Accident Trends in France: A prediction based on historical data

Hira Sadiq
6 min readSep 8, 2023

--

So far, data cleaning and exploratory data analysis (EDA) have been discussed in blogs by Saba Firdous and Fareeha Saleem. From which we’ve gathered some pretty interesting insights about the data. Now that we have all the necessary analytics and insights, it is time to present our Null hypothesis and it’s alternate hypothesis.

Null and Alternate hypothesis testing

In statistical hypothesis testing, the null hypothesis (H0) and the alternative hypothesis (H1 or Ha) are two fundamental concepts that help researchers draw conclusions based on data. These hypotheses are used to assess whether there is a significant effect or relationship between variables in a statistical study. Here’s an explanation of each:

Null Hypothesis (H0):

  • The null hypothesis represents the default or status quo assumption in a statistical test.
  • It states that there is no significant effect, relationship, or difference between groups or variables being studied.

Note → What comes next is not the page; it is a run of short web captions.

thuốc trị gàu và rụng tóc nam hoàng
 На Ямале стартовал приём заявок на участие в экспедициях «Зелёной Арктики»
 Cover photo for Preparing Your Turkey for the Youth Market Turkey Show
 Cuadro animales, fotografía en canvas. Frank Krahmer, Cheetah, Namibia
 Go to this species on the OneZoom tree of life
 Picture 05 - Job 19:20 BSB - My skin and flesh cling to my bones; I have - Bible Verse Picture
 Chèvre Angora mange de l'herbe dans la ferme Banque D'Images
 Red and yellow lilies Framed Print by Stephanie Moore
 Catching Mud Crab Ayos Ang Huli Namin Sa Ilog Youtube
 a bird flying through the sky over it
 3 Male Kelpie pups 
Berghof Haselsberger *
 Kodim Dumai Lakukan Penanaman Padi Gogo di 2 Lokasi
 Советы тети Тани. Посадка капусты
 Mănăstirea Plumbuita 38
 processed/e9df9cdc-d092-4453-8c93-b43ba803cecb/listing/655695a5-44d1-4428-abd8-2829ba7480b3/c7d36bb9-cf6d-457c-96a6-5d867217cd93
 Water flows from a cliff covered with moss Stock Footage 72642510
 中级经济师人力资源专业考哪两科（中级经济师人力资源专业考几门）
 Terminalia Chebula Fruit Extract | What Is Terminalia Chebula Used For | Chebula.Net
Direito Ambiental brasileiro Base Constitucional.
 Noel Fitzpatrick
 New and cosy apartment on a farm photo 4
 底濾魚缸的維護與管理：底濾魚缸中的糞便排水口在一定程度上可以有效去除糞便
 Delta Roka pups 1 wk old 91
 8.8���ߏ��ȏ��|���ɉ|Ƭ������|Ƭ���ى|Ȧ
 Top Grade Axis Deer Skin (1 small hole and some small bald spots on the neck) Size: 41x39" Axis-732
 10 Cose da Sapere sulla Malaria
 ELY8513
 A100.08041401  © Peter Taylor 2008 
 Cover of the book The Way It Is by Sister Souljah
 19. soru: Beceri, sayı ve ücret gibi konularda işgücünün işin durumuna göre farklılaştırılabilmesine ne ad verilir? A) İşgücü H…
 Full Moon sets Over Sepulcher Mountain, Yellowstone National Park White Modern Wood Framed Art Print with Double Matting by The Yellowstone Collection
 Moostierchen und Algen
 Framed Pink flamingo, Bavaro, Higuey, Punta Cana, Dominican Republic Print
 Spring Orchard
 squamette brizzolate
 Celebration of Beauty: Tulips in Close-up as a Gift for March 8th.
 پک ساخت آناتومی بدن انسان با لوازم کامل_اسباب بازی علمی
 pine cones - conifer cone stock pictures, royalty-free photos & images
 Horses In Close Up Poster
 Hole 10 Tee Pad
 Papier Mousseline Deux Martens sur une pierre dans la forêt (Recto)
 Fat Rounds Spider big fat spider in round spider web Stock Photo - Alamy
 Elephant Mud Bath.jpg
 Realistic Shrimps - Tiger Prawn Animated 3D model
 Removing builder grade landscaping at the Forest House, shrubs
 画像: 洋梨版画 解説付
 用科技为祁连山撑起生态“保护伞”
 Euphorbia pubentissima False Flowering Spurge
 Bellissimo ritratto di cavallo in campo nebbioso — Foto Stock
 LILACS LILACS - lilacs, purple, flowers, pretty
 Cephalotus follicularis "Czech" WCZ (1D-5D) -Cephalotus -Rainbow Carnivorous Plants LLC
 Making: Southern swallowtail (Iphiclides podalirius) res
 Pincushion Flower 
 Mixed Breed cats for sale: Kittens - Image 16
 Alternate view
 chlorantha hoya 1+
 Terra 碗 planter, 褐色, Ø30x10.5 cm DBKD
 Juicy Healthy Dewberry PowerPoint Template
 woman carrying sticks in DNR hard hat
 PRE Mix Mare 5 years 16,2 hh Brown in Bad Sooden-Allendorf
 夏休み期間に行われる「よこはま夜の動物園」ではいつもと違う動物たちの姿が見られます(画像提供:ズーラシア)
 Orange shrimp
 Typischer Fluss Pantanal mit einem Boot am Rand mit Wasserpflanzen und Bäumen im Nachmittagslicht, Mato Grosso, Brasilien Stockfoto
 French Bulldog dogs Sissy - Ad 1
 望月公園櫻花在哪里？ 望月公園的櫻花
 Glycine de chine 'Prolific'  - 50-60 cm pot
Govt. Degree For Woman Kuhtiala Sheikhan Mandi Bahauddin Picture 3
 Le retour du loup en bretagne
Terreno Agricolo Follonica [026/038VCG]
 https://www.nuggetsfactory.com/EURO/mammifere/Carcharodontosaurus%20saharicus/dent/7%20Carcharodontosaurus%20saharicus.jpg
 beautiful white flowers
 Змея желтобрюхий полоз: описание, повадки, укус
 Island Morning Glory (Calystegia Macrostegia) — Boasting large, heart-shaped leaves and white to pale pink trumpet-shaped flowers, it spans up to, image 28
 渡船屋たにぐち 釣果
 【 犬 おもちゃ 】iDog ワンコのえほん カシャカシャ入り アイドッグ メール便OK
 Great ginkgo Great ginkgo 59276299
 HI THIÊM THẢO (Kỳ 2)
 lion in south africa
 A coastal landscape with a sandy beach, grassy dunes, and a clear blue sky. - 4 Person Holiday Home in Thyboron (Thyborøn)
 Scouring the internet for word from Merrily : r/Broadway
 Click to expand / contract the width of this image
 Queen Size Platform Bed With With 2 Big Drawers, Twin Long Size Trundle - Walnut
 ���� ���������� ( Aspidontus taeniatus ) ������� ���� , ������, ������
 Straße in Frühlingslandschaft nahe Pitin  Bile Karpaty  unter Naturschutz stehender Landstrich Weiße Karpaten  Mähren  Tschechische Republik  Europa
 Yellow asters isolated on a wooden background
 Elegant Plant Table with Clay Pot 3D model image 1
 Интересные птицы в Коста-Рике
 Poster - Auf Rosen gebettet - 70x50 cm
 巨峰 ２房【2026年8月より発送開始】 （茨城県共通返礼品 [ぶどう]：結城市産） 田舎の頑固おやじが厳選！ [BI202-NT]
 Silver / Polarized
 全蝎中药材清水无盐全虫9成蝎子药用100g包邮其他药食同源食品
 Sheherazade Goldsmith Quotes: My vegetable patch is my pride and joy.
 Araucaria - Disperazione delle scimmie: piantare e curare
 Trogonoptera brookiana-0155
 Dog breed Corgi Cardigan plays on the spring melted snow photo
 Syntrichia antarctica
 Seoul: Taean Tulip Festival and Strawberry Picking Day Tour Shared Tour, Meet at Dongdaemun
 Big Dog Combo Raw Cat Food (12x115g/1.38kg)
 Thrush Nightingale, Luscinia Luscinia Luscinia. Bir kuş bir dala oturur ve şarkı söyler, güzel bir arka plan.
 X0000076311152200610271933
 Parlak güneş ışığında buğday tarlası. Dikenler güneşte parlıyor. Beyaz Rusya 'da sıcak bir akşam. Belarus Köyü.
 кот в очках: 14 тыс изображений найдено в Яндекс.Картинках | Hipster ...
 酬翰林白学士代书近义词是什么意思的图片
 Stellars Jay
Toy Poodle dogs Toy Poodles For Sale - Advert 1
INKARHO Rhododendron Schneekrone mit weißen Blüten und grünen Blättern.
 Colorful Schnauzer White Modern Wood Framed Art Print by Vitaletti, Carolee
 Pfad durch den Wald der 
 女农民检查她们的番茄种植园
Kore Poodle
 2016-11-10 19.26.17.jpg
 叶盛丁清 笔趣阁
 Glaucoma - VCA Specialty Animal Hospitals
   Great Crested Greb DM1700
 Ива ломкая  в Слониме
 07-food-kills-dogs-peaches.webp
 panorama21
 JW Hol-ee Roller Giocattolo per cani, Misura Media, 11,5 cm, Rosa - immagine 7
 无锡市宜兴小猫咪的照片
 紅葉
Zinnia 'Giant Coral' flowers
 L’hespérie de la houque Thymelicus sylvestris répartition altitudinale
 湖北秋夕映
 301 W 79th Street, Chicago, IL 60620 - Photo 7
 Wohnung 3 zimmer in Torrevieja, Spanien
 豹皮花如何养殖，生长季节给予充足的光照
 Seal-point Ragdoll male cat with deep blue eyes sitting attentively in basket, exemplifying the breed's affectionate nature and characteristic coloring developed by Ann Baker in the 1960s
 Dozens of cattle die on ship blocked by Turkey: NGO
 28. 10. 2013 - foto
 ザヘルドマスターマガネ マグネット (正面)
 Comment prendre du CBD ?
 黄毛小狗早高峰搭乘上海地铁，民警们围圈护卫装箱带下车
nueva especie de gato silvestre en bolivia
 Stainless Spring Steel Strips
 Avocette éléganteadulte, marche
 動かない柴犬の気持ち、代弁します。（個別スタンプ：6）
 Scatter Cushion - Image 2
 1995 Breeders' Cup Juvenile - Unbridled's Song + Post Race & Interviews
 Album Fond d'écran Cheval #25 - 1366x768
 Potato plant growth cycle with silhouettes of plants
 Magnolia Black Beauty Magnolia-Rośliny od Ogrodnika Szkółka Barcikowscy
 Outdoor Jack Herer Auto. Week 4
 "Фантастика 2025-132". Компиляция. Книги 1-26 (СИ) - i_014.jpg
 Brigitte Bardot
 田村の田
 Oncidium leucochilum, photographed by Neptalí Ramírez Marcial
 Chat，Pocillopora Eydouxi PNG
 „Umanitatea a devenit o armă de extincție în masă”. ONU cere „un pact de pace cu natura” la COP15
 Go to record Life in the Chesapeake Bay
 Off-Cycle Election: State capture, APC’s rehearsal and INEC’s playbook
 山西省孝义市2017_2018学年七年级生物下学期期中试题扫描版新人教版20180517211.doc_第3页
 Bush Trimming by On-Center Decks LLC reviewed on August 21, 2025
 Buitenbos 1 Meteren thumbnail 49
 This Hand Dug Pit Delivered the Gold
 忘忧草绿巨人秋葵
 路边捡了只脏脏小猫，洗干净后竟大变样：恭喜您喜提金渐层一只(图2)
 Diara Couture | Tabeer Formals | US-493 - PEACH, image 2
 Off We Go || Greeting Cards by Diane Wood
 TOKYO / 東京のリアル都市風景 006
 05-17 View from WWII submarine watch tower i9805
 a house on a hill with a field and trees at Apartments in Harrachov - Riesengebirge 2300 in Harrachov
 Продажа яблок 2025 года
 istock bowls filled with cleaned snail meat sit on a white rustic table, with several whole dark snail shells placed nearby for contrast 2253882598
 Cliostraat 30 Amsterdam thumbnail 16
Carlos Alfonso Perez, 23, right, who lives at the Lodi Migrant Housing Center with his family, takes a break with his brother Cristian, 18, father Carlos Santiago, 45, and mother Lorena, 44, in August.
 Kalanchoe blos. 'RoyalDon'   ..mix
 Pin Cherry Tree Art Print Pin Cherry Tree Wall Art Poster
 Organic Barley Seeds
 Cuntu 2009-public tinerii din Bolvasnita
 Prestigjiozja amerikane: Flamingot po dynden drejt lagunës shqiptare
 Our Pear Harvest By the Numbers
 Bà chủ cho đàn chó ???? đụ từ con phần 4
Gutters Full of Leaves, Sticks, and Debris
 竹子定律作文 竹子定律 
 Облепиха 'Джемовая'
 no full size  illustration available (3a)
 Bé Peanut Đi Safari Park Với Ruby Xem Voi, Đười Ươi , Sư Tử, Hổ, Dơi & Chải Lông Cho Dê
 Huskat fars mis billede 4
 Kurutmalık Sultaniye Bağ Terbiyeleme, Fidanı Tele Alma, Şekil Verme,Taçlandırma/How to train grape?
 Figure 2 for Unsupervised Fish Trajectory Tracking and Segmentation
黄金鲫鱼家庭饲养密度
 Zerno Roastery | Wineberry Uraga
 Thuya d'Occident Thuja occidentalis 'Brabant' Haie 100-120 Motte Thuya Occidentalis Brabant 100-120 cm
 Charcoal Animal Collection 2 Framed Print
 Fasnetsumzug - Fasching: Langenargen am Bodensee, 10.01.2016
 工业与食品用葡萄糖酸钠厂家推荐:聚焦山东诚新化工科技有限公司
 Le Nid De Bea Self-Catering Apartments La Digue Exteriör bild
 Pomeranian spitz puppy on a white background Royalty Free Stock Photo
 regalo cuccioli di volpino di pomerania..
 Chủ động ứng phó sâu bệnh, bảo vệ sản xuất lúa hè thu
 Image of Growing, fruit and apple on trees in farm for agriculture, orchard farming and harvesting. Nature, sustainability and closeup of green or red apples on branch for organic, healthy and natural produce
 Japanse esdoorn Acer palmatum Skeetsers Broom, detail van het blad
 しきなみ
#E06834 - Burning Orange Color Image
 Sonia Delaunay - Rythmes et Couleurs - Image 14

Alternative Hypothesis (H1):

  • The alternative hypothesis represents the opposite of the null hypothesis.
  • It asserts that there is a significant effect, relationship, or difference between groups or variables.

In our study, we have asserted the null hypothesis that the number of accidents has remained constant or that there hasn’t been significant change in the number over the years. This foundational assumption serves as the basis against which we will test any observed changes or variations in accident data. By positing that there has been no significant alteration in the accident rates, we aim to rigorously assess the validity of this hypothesis through statistical analysis and empirical evidence.

In order to assess the relationship between the variables “Year of Accident” and “Number of Accidents,” we employed a series of steps. The code is given below:

import pandas as pd
import numpy as np
import statsmodels.api as sm

Years = [2016, 2015, 2014, 2013, 2012, 2011, 2010, 2009, 2008, 2007, 2006, 2005]
Accidents_in_each_year = [53414, 58569, 60322, 58482, 59448, 65461, 69529, 73018, 77771, 80004, 73750, 74164]

# Create a DataFrame
data = {'Year': Years, 'Accidents': Accidents_in_each_year}
df = pd.DataFrame(data)

# Add a constant term to the independent variable (Year)
X = sm.add_constant(df['Year'])

# Fit a linear regression model
model = sm.OLS(df['Accidents'], X).fit()

# Print the regression summary
print(model.summary())

Results

The results representation of the above code is shown in the image below.

Fig 1. OLS regression result

The provided regression results are for a linear regression analysis between the “Year” and the “Accidents” variables. Here’s an interpretation of the key statistics:

  1. R-squared (R²): R-squared is a measure of the goodness of fit of the model. In this case, it’s 0.846, which means that approximately 84.6% of the variance in the number of accidents can be explained by the linear relationship with the year. A higher R-squared indicates that the model fits the data well.
  2. Adjusted R-squared (Adj. R²): Adjusted R-squared adjusts the R-squared value for the number of predictors in the model. It’s 0.830 in this case, and it’s slightly lower than the R-squared because it penalizes models with too many predictors. It’s a more conservative measure of model fit.
  3. F-statistic: The F-statistic tests whether there is a statistically significant relationship between the independent variable (Year) and the dependent variable (Accidents). A high F-statistic (54.89 in this case) with a low p-value (2.29e-05) indicates that the overall model is statistically significant.
  4. Coefficients:
  • const (Intercept): The intercept represents the estimated number of accidents in the base year (in this case, it’s 2005). It’s 4.593e+06, meaning that it estimates around 4,593,000 accidents in the base year.
  • Year: The coefficient for the “Year” variable is -2251.3147. This represents the estimated change in the number of accidents for each one-year increase. In this case, it’s negative, indicating that the model suggests a decreasing trend of approximately 2,251 accidents per year.

5. P-values (P>|t|):

  • The p-value associated with the “Year” coefficient is very low (close to 0.000). This suggests that the “Year” variable is highly statistically significant, meaning that there is strong evidence to suggest a relationship between the year and the number of accidents.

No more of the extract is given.